■ Aim of the task ■
Print only the lines below from the one with "istock Happy couple" to the one with "Mitat LxSxK 112x25x67 cm. Hinta 60e", both included, exactly as they stand. Leave pictures out.

Image-text web data:

⁂

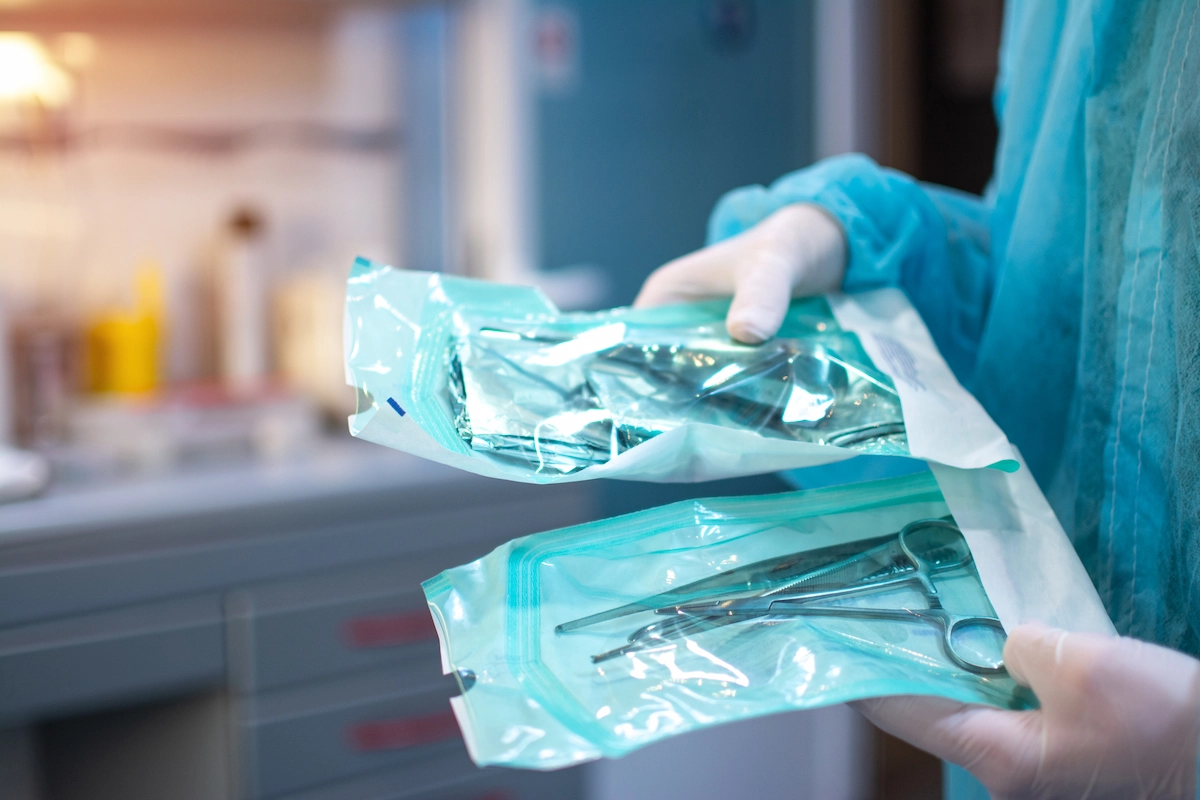 Nahaufnahme von Zahnarzthänden in weißen sterilen Handschuhen mit zahnärztlichen Werkzeugen für den chirurgischen Einsatz verpackt in einer Schutzfolie aus Kunststoff.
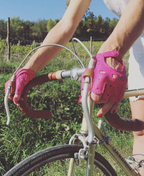A person wearing pink Fingerless Peccary Driving Gloves by Ines Gloves grips the handlebars of a road bicycle. The bike features tan Peccary leather handles and brake cables. The cyclist is dressed in a white sleeveless top and white bottoms. A scenic background of green foliage, trees, and a sunny sky is visible.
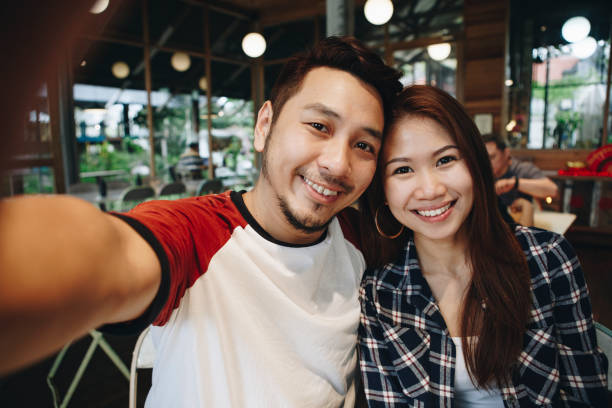 istock Happy couple taking selfie together 1022762718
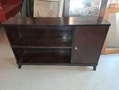 Pieni kirjahylly kaapilla 1950 lukua 
Mitat LxSxK 112x25x67 cm. Hinta 60e 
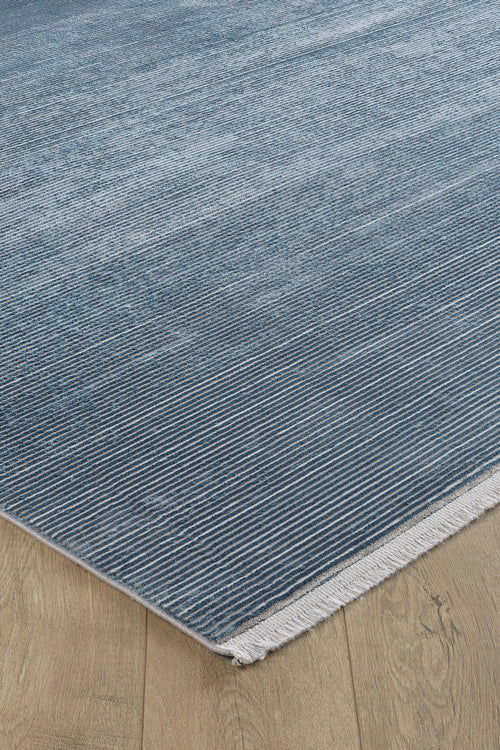 Load image 1 in gallery view. A close-up of the Slate to Midnight Navy Rug - M497M, featuring subtle horizontal lines and white fringe on one edge, displayed on a light wood floor.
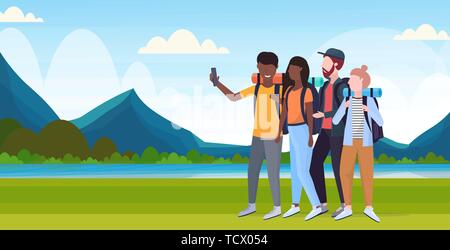 group tourists hikers with backpacks taking selfie photo on smartphone camera hiking concept mix race travelers on hike river mountains landscape Stock Vector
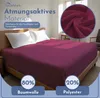 A bed with a burgundy fitted sheet and white pillows, with marketing text and material composition details. Produktbild-Vorschau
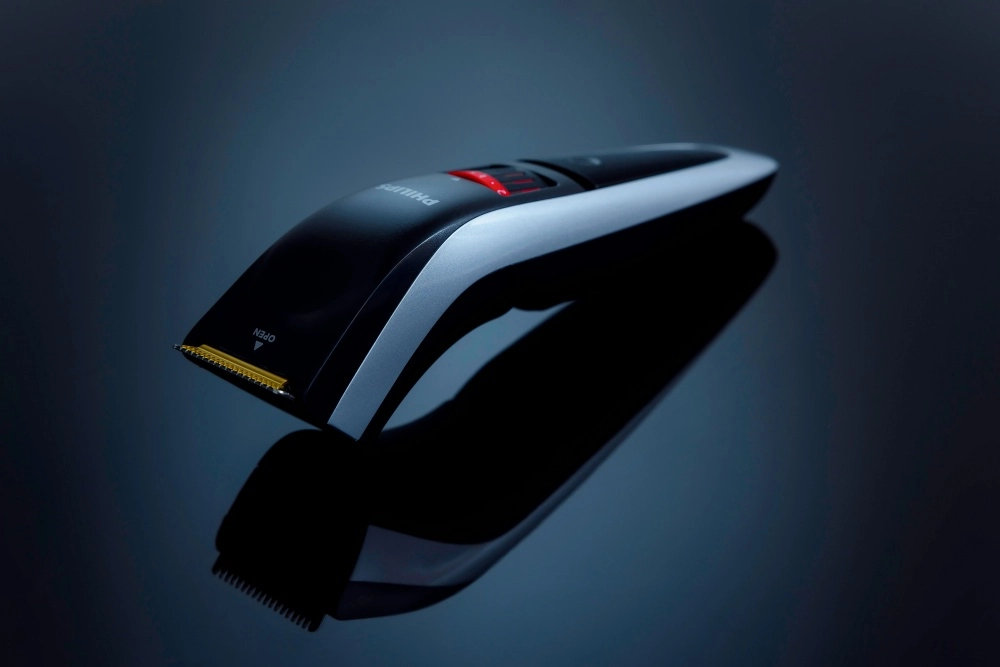 Siyah ve gümüş renk tonlarına sahip, modern tasarımlı, şarjlı bir Philips tıraş makinesi, parlak koyu zeminde net yansımasıyla belirginleşirken, kırmızı ışıklı göstergesi ve altın renkli kesici bıçakları saç ve sakal için ayarlanabilir başlık özelliğini öne çıkarıyor.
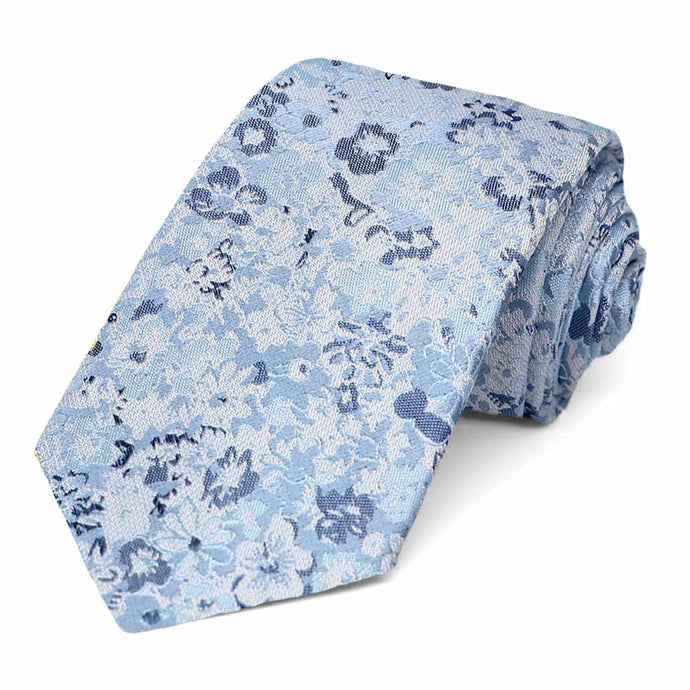 Steel blue floral tie, rolled to show off pattern and texture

⁂

■ Solution for this exercise ■
 istock Happy couple taking selfie together 1022762718
 Pieni kirjahylly kaapilla 1950 lukua 
Mitat LxSxK 112x25x67 cm. Hinta 60e 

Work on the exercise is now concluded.